Pearl S. Buck se crió en Chinkiang, ciudad del suroeste de China a fines de un siglo XIX que en realidad más parecía la Edad Media. Pearl, entonces con su apellido de soltera Sydenstricker -que conservó en la S. de su nom de plume-, pelo rubio y ojos azules, no tuvo a su alrededor a ningún occidental fuera de su familia y hablaba indistintamente inglés y mandarín -idioma en el que, aseguraba, seguía pensando en su madurez- hasta el punto de que los chinos que no la conocían huían despavoridos cuando se daban cuenta de que comprendían a aquel pequeño diablo extranjero.
En 1910 se matriculó en la Universidad en Virginia, donde, recién salida de un voluntariado para educar a las prostitutas, no acabó de encajar en aquel ambiente elitista. Se casó con John Lossing Buck, economista agrícola con el que regresó a la China más profunda pero, y pese a que el matrimonio superó diversos contratiempos -la guerra civil china, por ejemplo-, acabó disolviéndose. El mayor de los problemas de la pareja fue la discapacidad psíquica de su única hija biológica. Buck llegó a adoptar hasta siete hijos más, los dos últimos mulatos, y en cierta manera fue pionera de las hoy habituales adopciones internacionales, abogando especialmente por los niños mestizos, muy habituales por el efecto colateral de la guerra y con muchos más problemas para ser acogidos entonces por las familias blancas.

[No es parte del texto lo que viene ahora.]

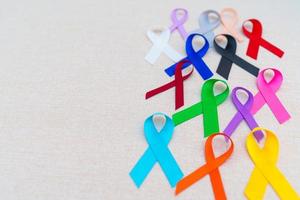 día mundial contra el cáncer, 4 de febrero. cintas de colores para apoyar a las personas que viven y están enfermas. cuidado de la salud, lucha, día médico y nacional de supervivencia del cáncer, concepto del día de concientización sobre el autismo foto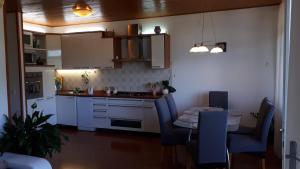 a kitchen with white cabinets and a table with chairs at Best4You Apartment - sea view - 70 m2 - 2 bedrooms in Dubrovnik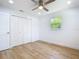 Bright bedroom with modern ceiling fan, wood floors, and double door closet at 7341 Hart St, Englewood, FL 34224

Los años americanos de la autora, a partir de 1932, fueron más felices, pero también más insustanciales. Volvió a casarse. Esta vez con su editor. Hizo crecer su familia, recibió el criticado Nobel y contestaba puntualmente las cartas de sus fieles lectores. Todo perfecto si no fuera porque, ya viuda en sus últimos años, que su hijo denomina como «caóticos», se dejó seducir por Ted Harris, un poco escrupuloso profesor de baile, que se ganó la confianza de la octogenaria, se convirtió en presidente de la Fundación Pearl S. Buck y logró dejar limpiamente a sus herederos fuera de la herencia y a ella prácticamente en la ruina. Es en este periodo cuando redactó El eterno asombro y cuando el manuscrito desapareció, presumiblemente sustraído por Harris, aunque Walsh no lo diga. Ahora la novela de Buck surge como testigo de un pasado más ingenuo e idealizado.